The Generals
- English First Edition
- Author: Simon Scarrow
- Cover artist: Tim Byrne
- Language: English
- Series: Wellington and Napoleon Quartet
- Genre: Historical novel
- Publisher: Hodder Headline
- Publication date: 31 May 2007
- Publication place: United Kingdom
- Media type: Print (Hardback)
- Pages: 554 pp
- ISBN: 0-7553-2435-8
- OCLC: 78989335
- Preceded by: Young Bloods
- Followed by: Fire and Sword

= The Generals (novel) =

2007 novel by Simon Scarrow

The Generals is the second volume in Simon Scarrow's Wellington and Napoleon Quartet, which narrates mostly in alternate chapters, tells the story of Sir Arthur Wellesley (the future Duke of Wellington) and the Corsican Brigadier Napoleon Bonaparte (the future Emperor of France).

==Plot==
In the turbulent aftermath of the French Revolution, Napoleon Bonaparte is accused of treachery and corruption. His reputation is saved by his skill in leading his men to victory in Italy and Egypt. But then he must rush home to France to restore order amidst political unrest, and to find peace or victory over the country's enemies, foremost of which is England and Arthur Wellesley (the future Duke of Wellington).

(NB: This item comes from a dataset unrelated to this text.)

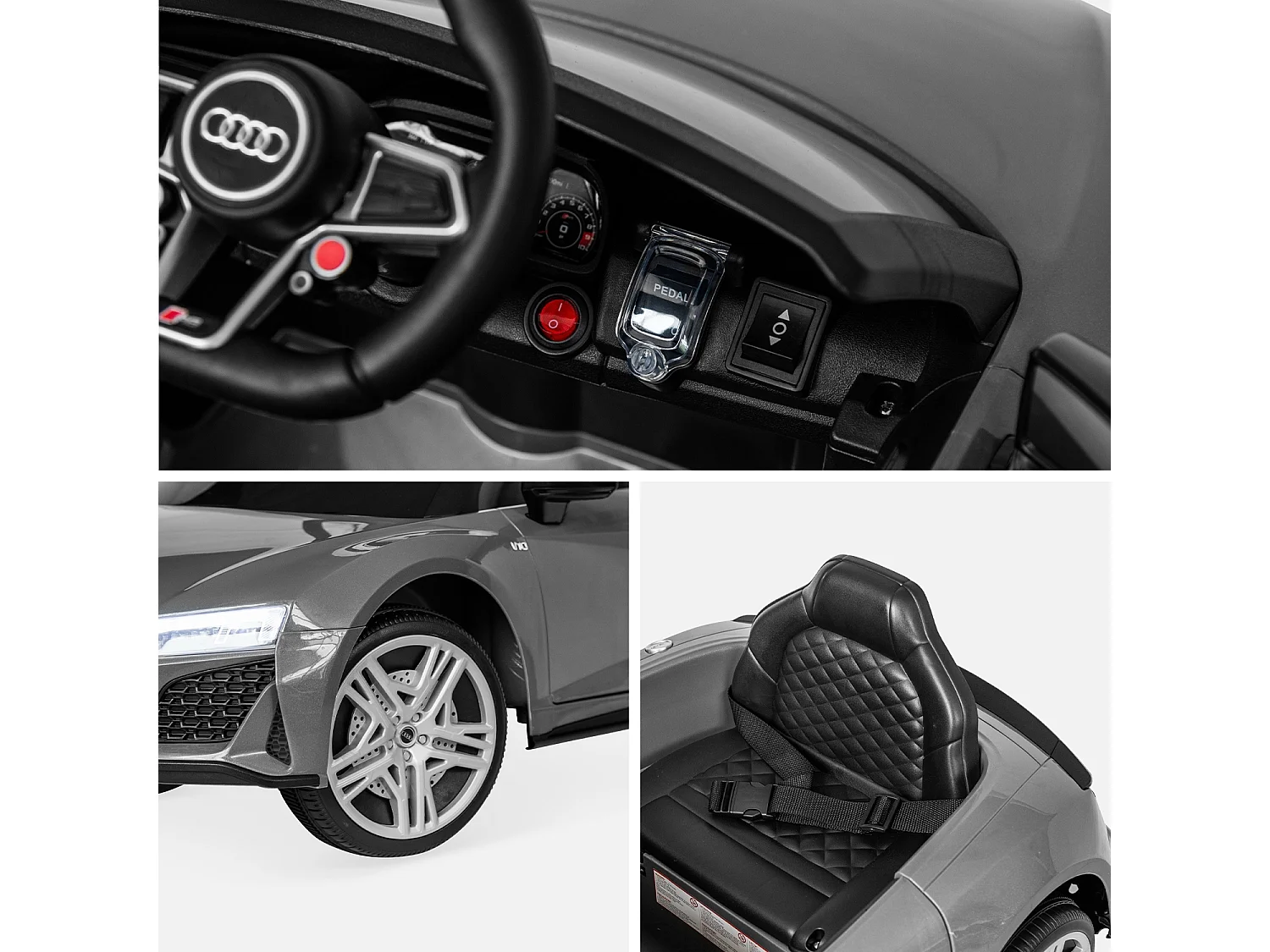 Coche eléctrico para niños audi r8 12v, 1 plaza gris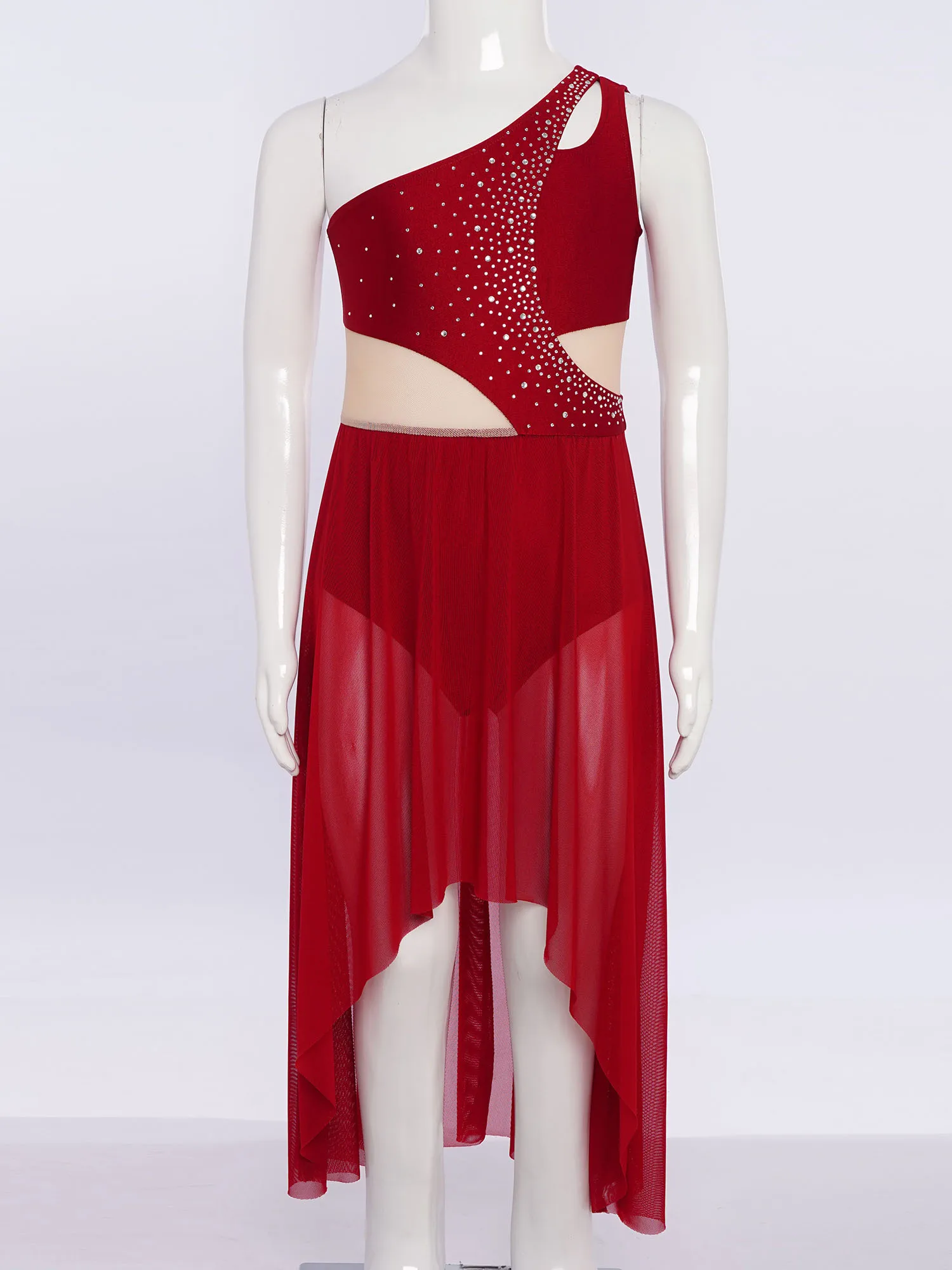 6-16Y فتاة الحديثة فستان رقص غنائي كتف واحد لامعة شبكة مرصعة بأحجار الراين يوتار Dancewear التزلج الجمباز البهلوانية الملابس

Wellesley is on the other side of the world in India where British interests are under threat. Wellesley leads vast armies against a series of powerful warlords in campaigns that will result in the creation of the Raj, the jewel in the crown of the British Empire. He returns to England a hardened veteran a more determined than ever to end France's dominion of Europe.